A forensic investigation was carried out and a report made to the Procurator Fiscal. It seems likely that the body lay
undiscovered for several months, and this suggests that death occurred during the previous winter. Due to the body’s
advanced state of decay, it was not possible to establish the precise cause of death, but there were no signs of
violence or of the involvement of a third party. The Procurator Fiscal ruled that there were no suspicious
circumstances, and the remains were buried without any kind of ceremony in a cemetery in Inverness.
These are the facts of the matter.
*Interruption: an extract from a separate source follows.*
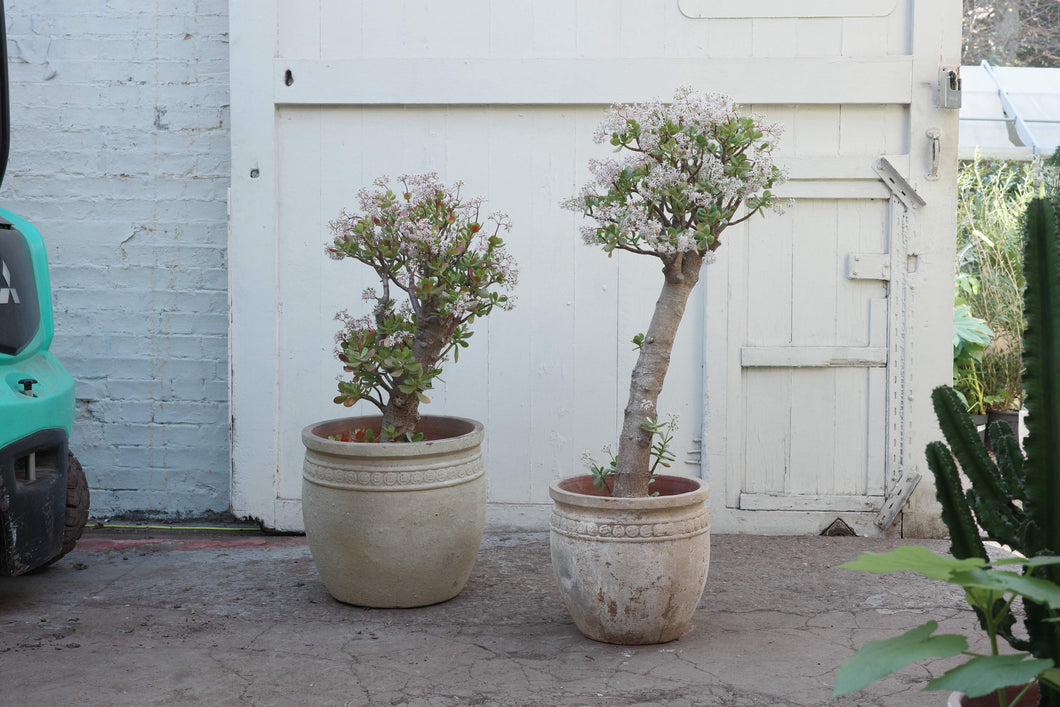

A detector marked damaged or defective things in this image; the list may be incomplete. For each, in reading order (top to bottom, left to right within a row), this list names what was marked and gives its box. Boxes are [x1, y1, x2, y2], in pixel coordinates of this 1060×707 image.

cracked concrete ground [0, 529, 992, 707]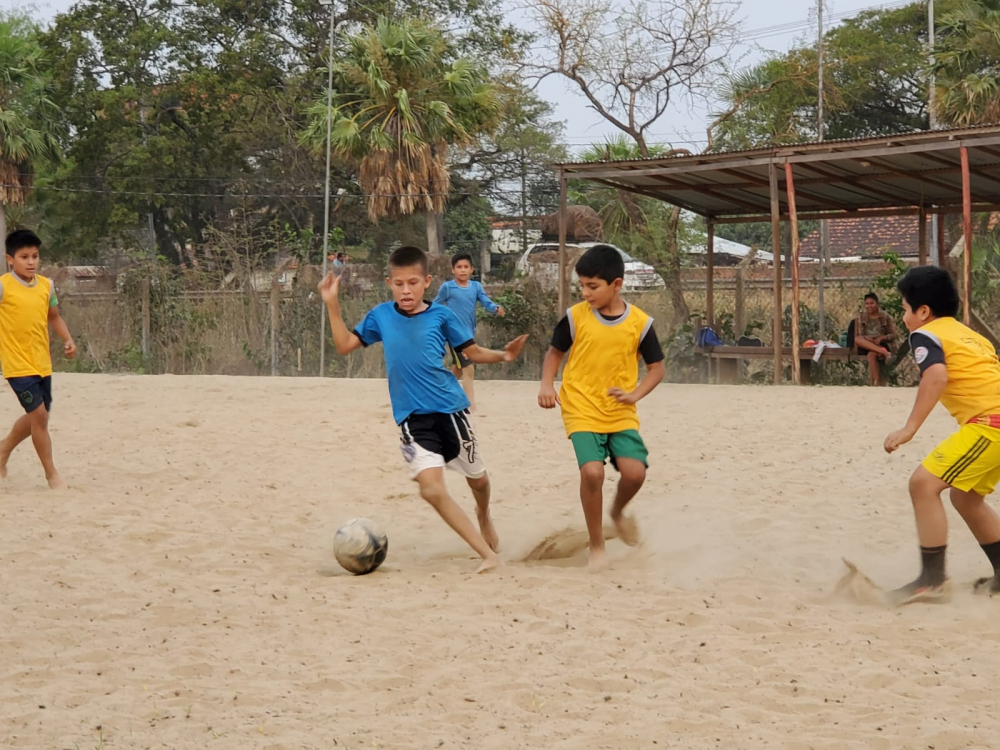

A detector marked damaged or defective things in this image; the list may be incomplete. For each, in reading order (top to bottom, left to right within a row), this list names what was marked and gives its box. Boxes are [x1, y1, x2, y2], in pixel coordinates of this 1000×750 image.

rusty metal structure [552, 126, 1000, 384]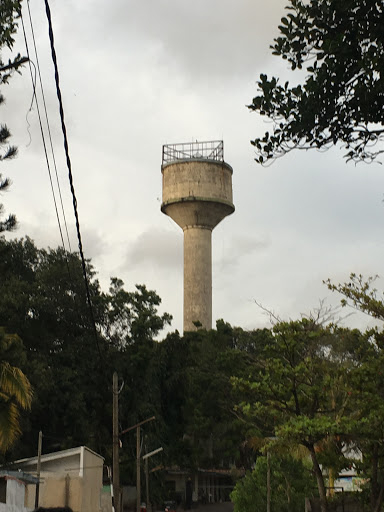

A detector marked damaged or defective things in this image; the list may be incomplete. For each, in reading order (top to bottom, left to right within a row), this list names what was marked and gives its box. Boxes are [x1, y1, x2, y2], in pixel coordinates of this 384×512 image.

The rumours and allegations of atheism, adultery, ghosts, magical standing stones
and, of course, meetings with the Devil in a cave, are all completely unsubstantiated and derive entirely from the
so-called
Testament of Gideon Mack, a work of fiction dressed up as fact, which has lately
been published by the writer James Robertson.[For Robertson's side of the controversy, see
'Interview with James
Robertson'.
That anyone should feel it necessary or amusing to besmirch the good name of a good man by concocting and publishing
such a childish, offensive and incredible forgery is a sad reflection on the modern world. Mr Robertson is the author
of, among other works, a book entitled Scottish Ghost Stories, and claims to be a sceptic (that is to say, he ‘neither
believes nor disbelieves’) when it comes to matters of ‘the supernatural’. We trust we need make no further comment.